Como funciona o novo passaporte digital europeu (e-Passport)?
A grande novidade tecnológica de 2026 é o início da transição para o e-Passport, um documento eletrônico que centraliza todas as informações do animal. Esse sistema visa substituir gradualmente os antigos passaportes de papel, facilitando a conferência do número do microchip nas fronteiras.
A implementação será feita por etapas, e os documentos físicos emitidos antes de abril de 2026 permanecem válidos até a sua expiração ou preenchimento total. Segundo a União Europeia, essa digitalização reduzirá fraudes em certificados de vacinação e testes de laboratório, aumentando a segurança para todos os viajantes.
Quais são as exigências específicas para tutores brasileiros?
Para quem sai do Brasil, as regras são mais rigorosas devido à classificação do país em relação ao controle da raiva. Além do microchip e da vacina, o tutor deve providenciar o teste de titulação de anticorpos, que comprova a eficácia da imunização no organismo do cão ou gato.
Para entender melhor os prazos e documentos, veja a tabela de planejamento:

Por que o prazo de validade do certificado sanitário mudou?
Uma alteração crítica para os brasileiros foi a redução do prazo de validade do Certificado Veterinário Internacional (CVI) para apenas 10 dias após a emissão.
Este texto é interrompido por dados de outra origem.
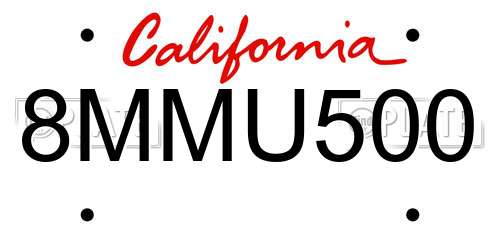 8MMU500 California License Plate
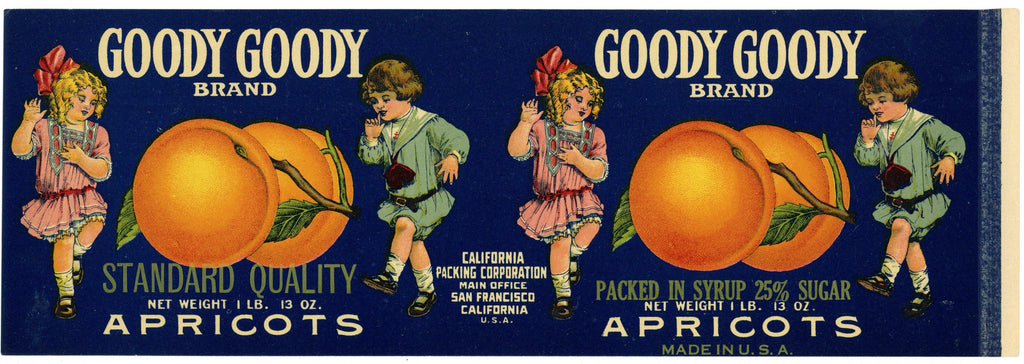 Goody Goody Brand Vintage Apricot Can Label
Anteriormente, alguns países aceitavam documentos com até 30 dias, mas a nova regra exige que o embarque ocorra logo após a inspeção oficial.
O Ministério da Agricultura do Brasil emite este documento de forma gratuita, mas o agendamento deve ser feito com antecedência para garantir a entrega dentro da janela permitida. Caso o animal chegue à Europa com o certificado vencido, ele pode ser colocado em quarentena ou até mesmo impedido de entrar no país de destino.
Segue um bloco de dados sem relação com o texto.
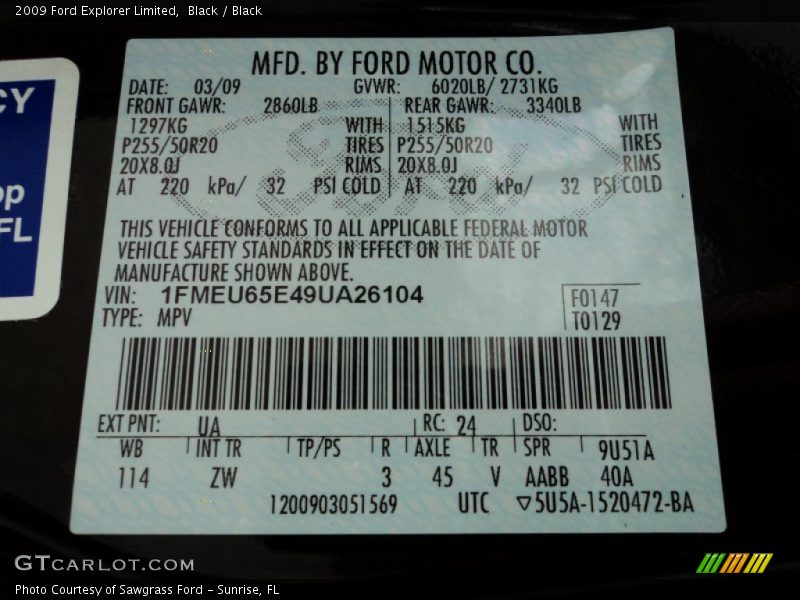 2009 Explorer Limited Black Color Code UA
Como se preparar para países com regras adicionais?
Alguns destinos dentro do bloco europeu, como a Irlanda e a Finlândia, mantêm exigências extras de desparasitação contra a tênia da raposa. Esse tratamento deve ser administrado por um profissional e registrado no documento de viagem entre 24 e 120 horas antes da chegada ao território desses países.
Para garantir que nada seja esquecido ao viajar com animais, siga estas orientações:
- Verifique se o laboratório da sorologia é reconhecido oficialmente pela UE.
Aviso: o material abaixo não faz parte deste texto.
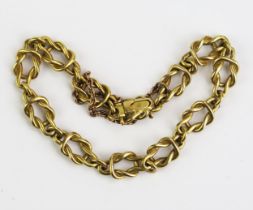 A Heavy Unmarked Yellow Metal Fancy Link Bracelet, KEE tested as 15ct, 16.94g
- Mantenha a carteira de vacinação física sempre junto ao certificado oficial.
- Confirme as regras de transporte da companhia aérea para o tamanho da caixa de transporte.
- Consulte um veterinário especializado em trânsito internacional com 6 meses de antecedência.
Respeitar as novas normas de 2026 é fundamental para evitar estresse e custos inesperados durante a imigração. Com a documentação correta e o microchip devidamente cadastrado no sistema europeu, você e seu pet poderão desfrutar da viagem com a tranquilidade que a nova legislação busca proporcionar.